TASK DESCRIPTION
Repeat every line of the data exactly, but not the pictures.

RAW DATA

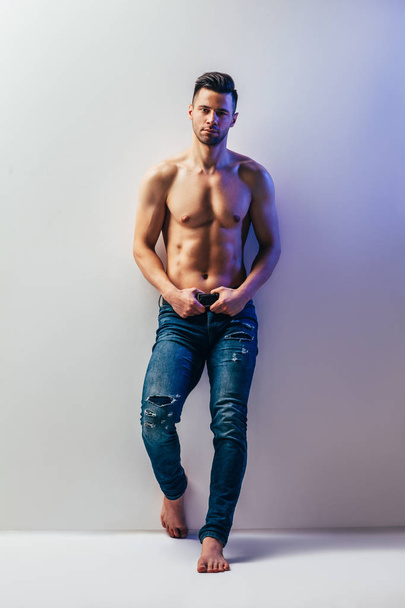 Full length portrait of sexy muscular shirtless man posing in studio. Male beauty - Photo, Image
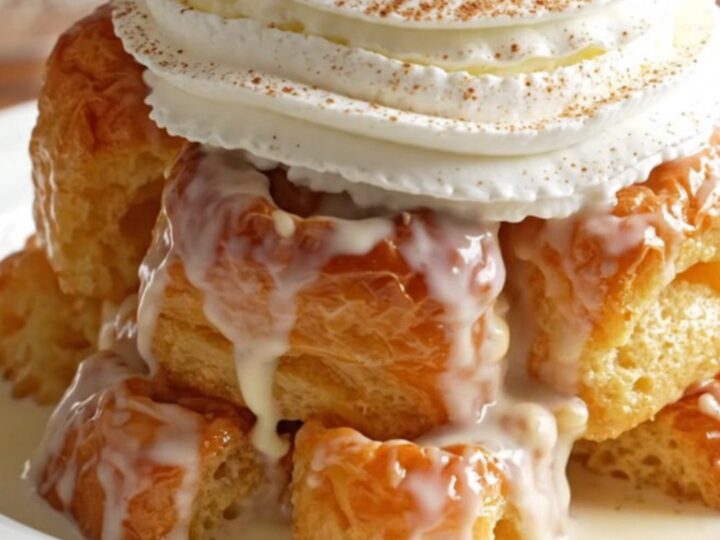 A warm, golden serving of tres leches brioche bread pudding topped with whipped cream and a cherry in a shallow bowl.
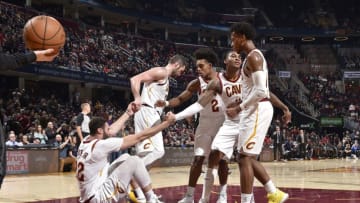 CLEVELAND, OH - JANUARY 30: The teammates of Larry Nance Jr. #22 of the Cleveland Cavaliers help him up during a game against the Toronto Raptors on January 30, 2020 at Rocket Mortgage FieldHouse in Cleveland, Ohio. NOTE TO USER: User expressly acknowledges and agrees that, by downloading and/or using this Photograph, user is consenting to the terms and conditions of the Getty Images License Agreement. Mandatory Copyright Notice: Copyright 2020 NBAE (Photo by David Liam Kyle/NBAE via Getty Images)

RESULT OF THE TASK
 Full length portrait of sexy muscular shirtless man posing in studio. Male beauty - Photo, Image
 A warm, golden serving of tres leches brioche bread pudding topped with whipped cream and a cherry in a shallow bowl.
 CLEVELAND, OH - JANUARY 30: The teammates of Larry Nance Jr. #22 of the Cleveland Cavaliers help him up during a game against the Toronto Raptors on January 30, 2020 at Rocket Mortgage FieldHouse in Cleveland, Ohio. NOTE TO USER: User expressly acknowledges and agrees that, by downloading and/or using this Photograph, user is consenting to the terms and conditions of the Getty Images License Agreement. Mandatory Copyright Notice: Copyright 2020 NBAE (Photo by David Liam Kyle/NBAE via Getty Images)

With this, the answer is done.